Directions for this task = With the pictures excluded, retype the records that follow exactly.

Short descriptive text snippets =
-*-

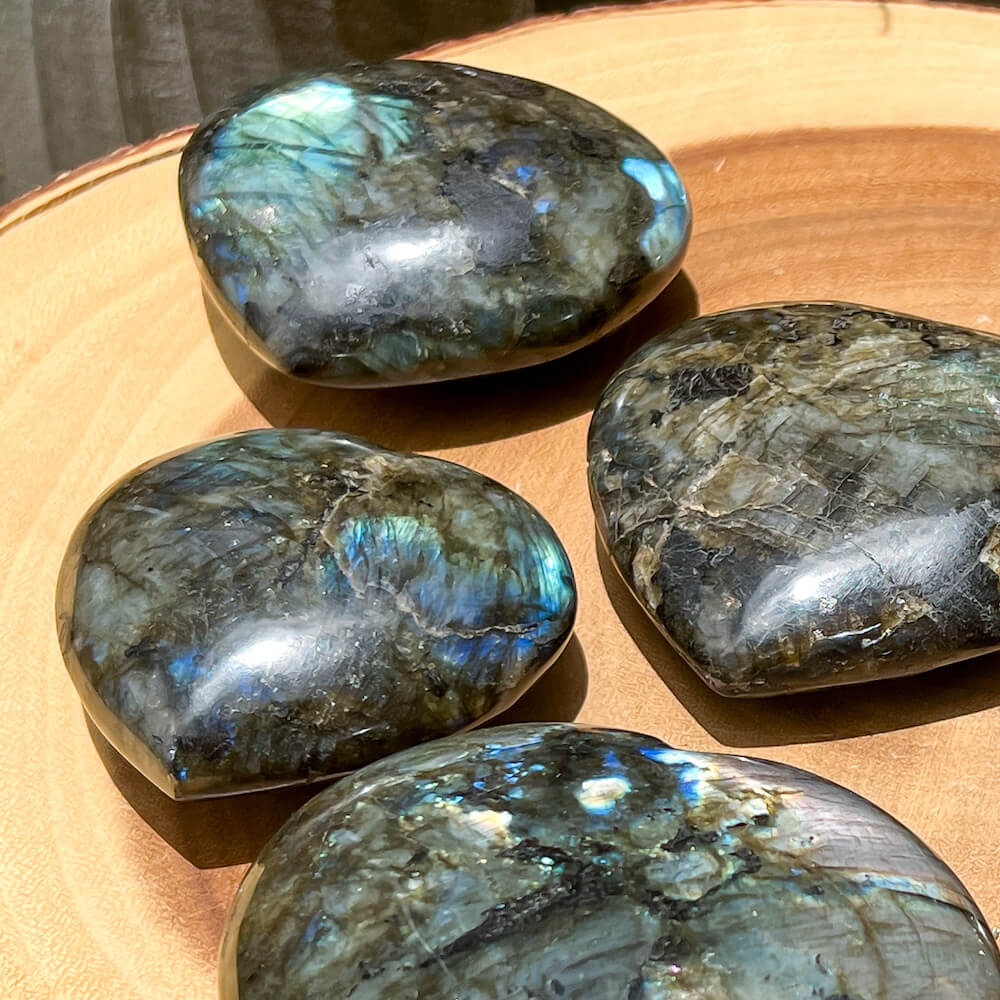 Looking for polished labradorite? Shop at Magic Crystals for Labradorite Stone Heart - Labradorite Carving. Empathetic, supporting, and glowing with soft, pretty color, this Labradorite palm stone is a wonderful crystal gift for someone you love. FREE SHIPPING available.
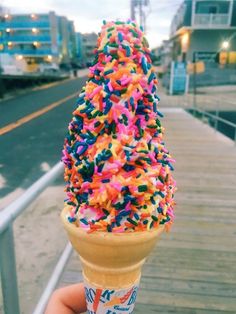 an ice cream cone filled with sprinkles on top of a wooden deck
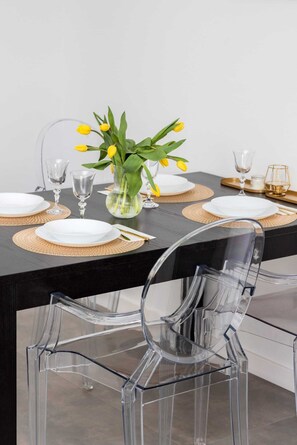 A dining table set with white plates, clear glassware, and a vase with yellow flowers.
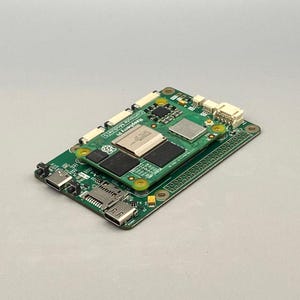 May include: A green Raspberry Pi Compute Module 3+ circuit board with various electronic components, including chips, connectors, and a micro SD card slot. The board is rectangular and has a smaller green board stacked on top.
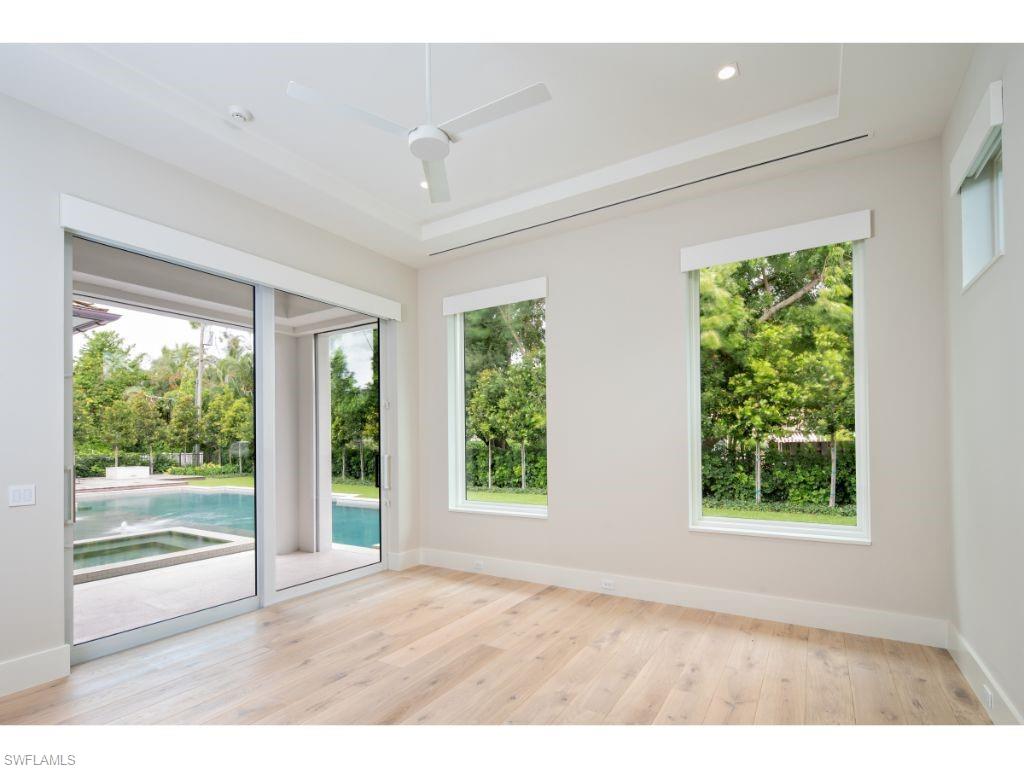1325 Murex Drive Naples, FL 34102 - Photo 13 of 18 an empty room with wooden floor and windows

-*-

Finished task =
 Looking for polished labradorite? Shop at Magic Crystals for Labradorite Stone Heart - Labradorite Carving. Empathetic, supporting, and glowing with soft, pretty color, this Labradorite palm stone is a wonderful crystal gift for someone you love. FREE SHIPPING available.
 an ice cream cone filled with sprinkles on top of a wooden deck
 A dining table set with white plates, clear glassware, and a vase with yellow flowers.
 May include: A green Raspberry Pi Compute Module 3+ circuit board with various electronic components, including chips, connectors, and a micro SD card slot. The board is rectangular and has a smaller green board stacked on top.
1325 Murex Drive Naples, FL 34102 - Photo 13 of 18 an empty room with wooden floor and windows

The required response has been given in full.